Some people love to run. The thought and the image of jogging in the woods instantly inspire them and makes them want to put on their running shoes and go for a run.

That is not me.

I like to go for a run once in a while, but I know that it is not something that inspires me.

So instead of running, one of my goals is to walk briskly for 30 minutes on at least 5 days of the week and take the stairs instead of the escalator whenever I’m not carrying anything heavy. 

This inspires me because I love getting fresh air, enjoy my surroundings while listening to a long podcast or youtube video, knowing that at the same time I get some exercise. In addition to that, I also save on one-way bus fare.

There are of course goals that we want to achieve, which are defined externally, e.g. filing our taxes. The form we need to fill out is given, the deadline is fixed and so are the documents that we need to submit.

Some things we just need to get over with.
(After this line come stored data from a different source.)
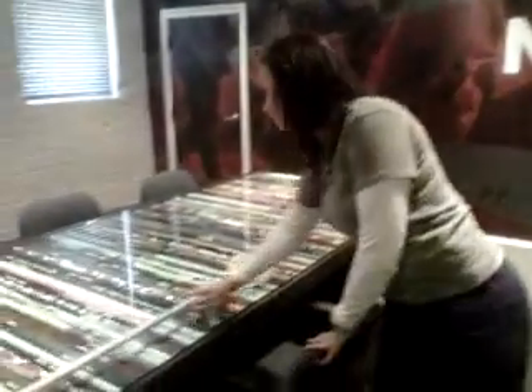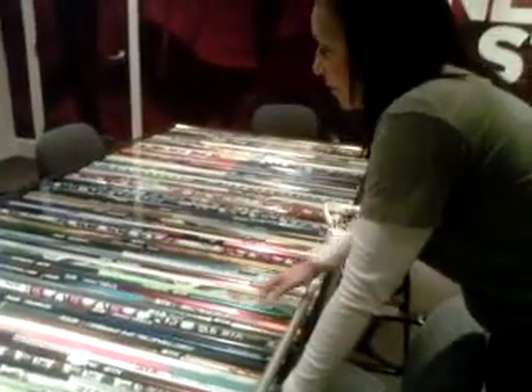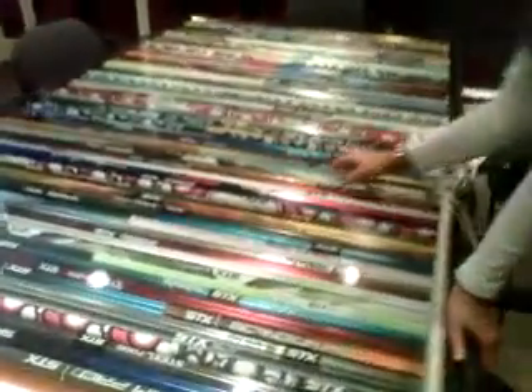A lot of people love this thing. This conference room table has all of our handles on it from when we started. There's a handle in here from 1970 over here, and then there's down to all of our current handles.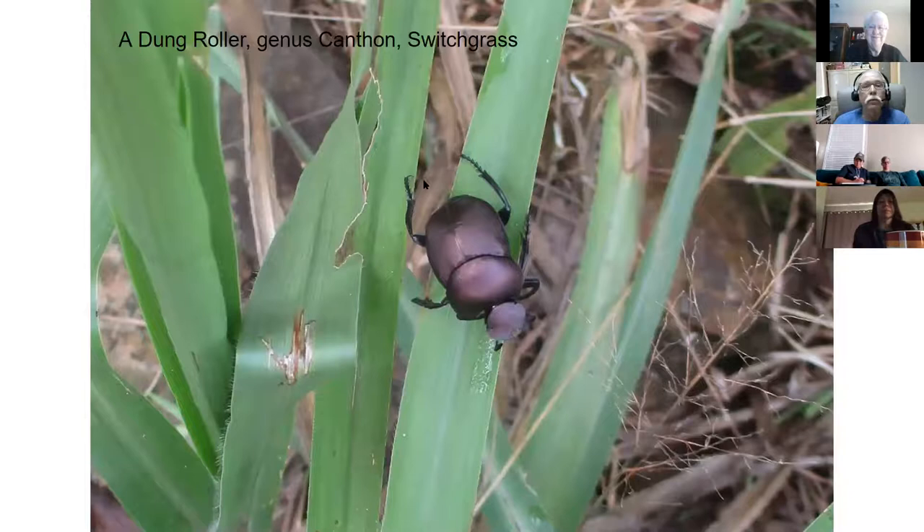That's a dung roller - genus Canthon - on switchgrass. What's a dung roller doing on switchgrass? Typically that's not where it would be. Dung rollers eat dung. They use their hind legs to push a little dung ball they form - frequently the male and female cooperate. They hold the ball with their hind legs and push with their four legs. It's kind of fun to watch. I hadn't seen one active since I was a kid, but I found this one out in the prairie.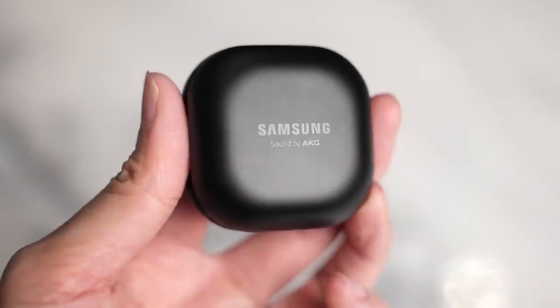The Buds Pro have been announced and they are the latest high-end true wireless buds from Samsung. They come in three color variants: phantom black, silver, and violet — and the violet looks really, really nice.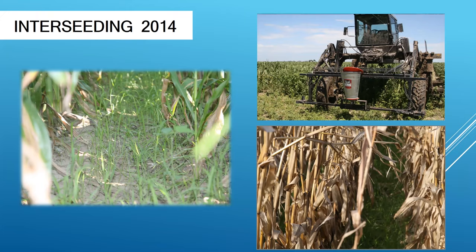Let's talk about interseeding. I've been at this since 2014, and the rig in the top right corner is what we used to do our interseeding at that time. The interseeding then was a lot later in crop maturity than what we do now, but over time we found that the earlier you can get it in, the better off you are.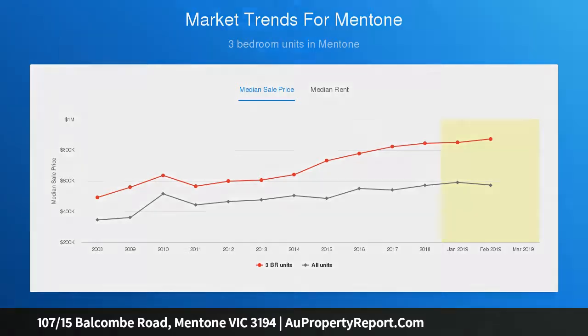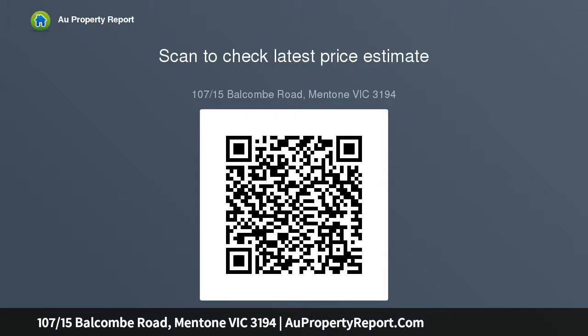This apartment opens to brand new oak style veneer floating floors with a wide profile, and a spacious, stunning white stone bench kitchen equipped with a stainless steel oven, range hood, and dishwasher.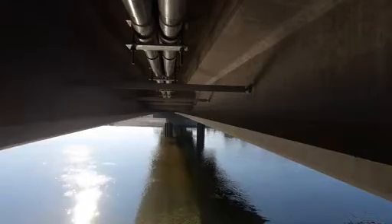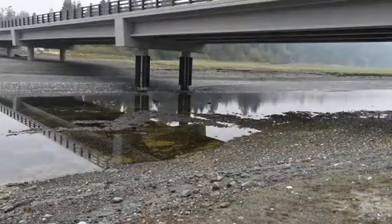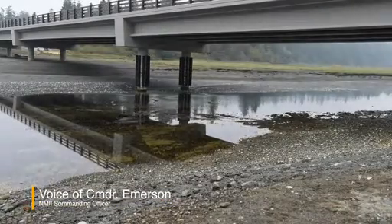One of the unexpected outcomes of the project is the community benefit. We have seen a tremendous amount of people utilizing the waterway that we have created between Oak Bay and Kilisit Harbor. It is truly remarkable to see the water flowing between Oak Bay and Kilisit Harbor once again.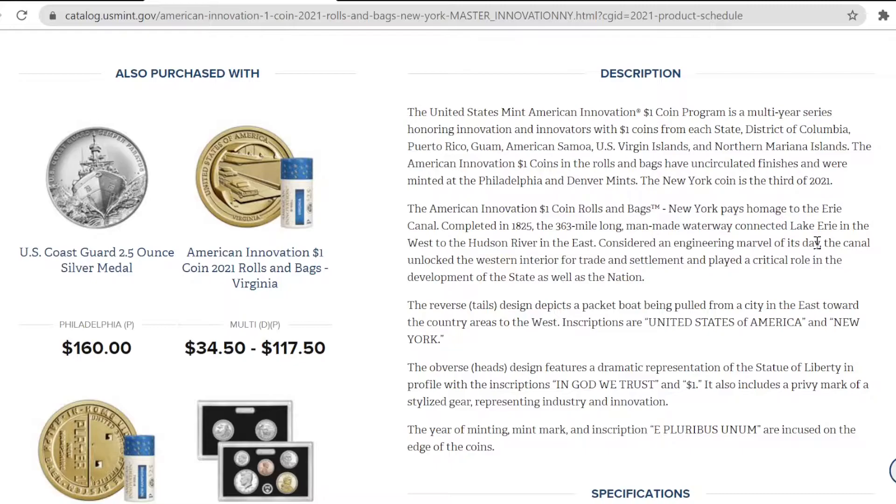The New York coin is the 3rd of 2021. The American Innovation $1 coin rolls and bags, New York, pays homage to the Erie Canal. Completed in 1825, the 363-mile-long man-made waterway connected Lake Erie in the west to the Hudson River in the east.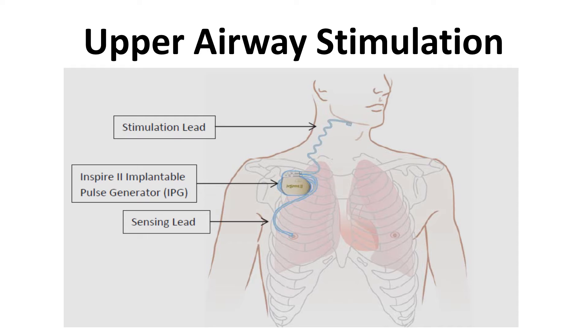The pulse generator sends an electrical signal through the stimulation lead to the major nerve that controls tongue movement, a nerve called the hypoglossal nerve. The sensing lead measures breathing patterns so that the system knows to send this signal specifically when you are breathing in, so that the tongue moves forward and opens the space for breathing in your throat when you need it most.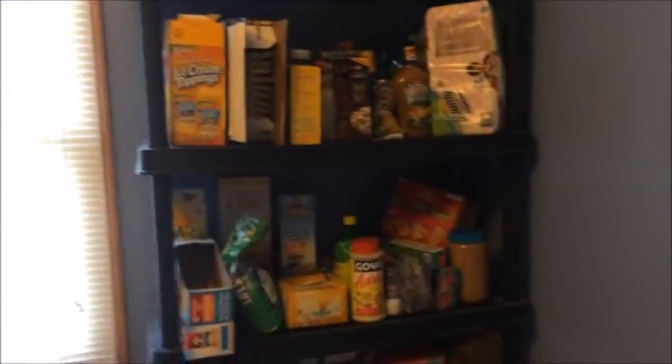This is basically like a spare bedroom — I just keep everything there, like snacks, extra food, chips, cereal up there. Yeah.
But there are a lot of other goals that we are free to define. If we want to eat healthier, there is no single way to eat healthier. There are plenty of possible combinations of food items that you can choose from to achieve this.

If you hate brussels sprouts, then don’t make it a goal to eat them twice a week!

There are plenty of other alternative foods that you can add to your meal plan that will make you healthier. Let’s say you love kale salad with walnuts and cranberries. Scrap brussels sprouts and make it your goal to make a huge container of kale salad that lasts for a week. If the thought of having delicious and healthy salad ready in your fridge to munch on at any time gets you excited, then that is an inspiring goal.

If you choose to run 3 times a week and eat brussels sprouts 2 times a week as your goal, but you hate these things, then it will likely not work.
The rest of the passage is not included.